ZURICH (Reuters) – Novartis’s uphill struggle to re-purpose its inflammation drug Ilaris took another hit when the Swiss drugmaker said on Tuesday that the medicine failed to boost overall survival in lung cancer patients in a late-stage trial.
The drug, known generically as canakinumab and long approved to treat juvenile arthritis and rare Mediterranean fever, ver prospecto ciprofloxacina last year failed to help patients suffering from COVID-19 respiratory distress.
And Novartis was blocked in 2018 by the U.S. Food and Drug Administration in its bid to re-cast the medicine, which now runs around $200,000 annually in the United States and reaped some $873 million last year, as a heart disease treatment.
The latest setback comes after canakinumab, a so-called interleukin-1beta (IL-1β) inhibitor, mixed with chemotherapy did not bring about a significant improvement in overall survival in previously treated patients with advanced or metastatic non-small cell lung cancer in a Phase III study.
While the results were disappointing, “these data give us valuable insights into IL-1β inhibition,” said John Tsai, head of global drug development and chief medical officer at Novartis, in a statement.

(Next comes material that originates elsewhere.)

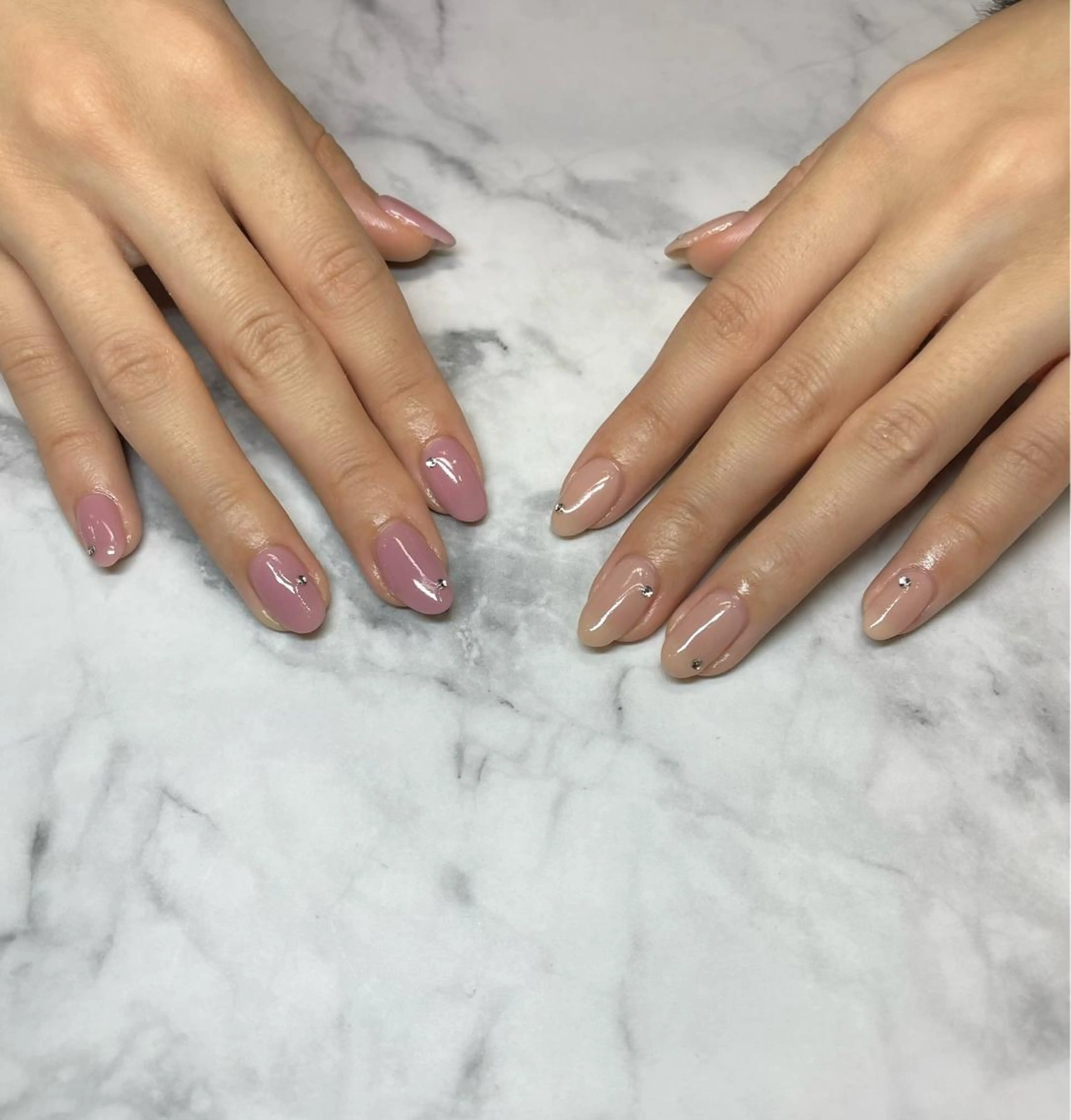 ネイル オフィスネイル ワンカラーネイル ストーンネイル with hues所属・with hues AYAのネイルデザイン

Tsai did say Novartis’s efforts to expand canakinumab to cancer treatment continues, with two Phase III non-small cell lung cancer clinical trials ongoing in first-line treatment and for adjuvant treatment after surgery.
The drug’s potential as a cancer treatment emerged as a surprise in 2017 from Novartis’s long, 10,000-patient trial in cardiovascular disease, when scientists doing the studies discovered that participants getting the medicine had less risk of getting cancers that are driven in part by inflammation.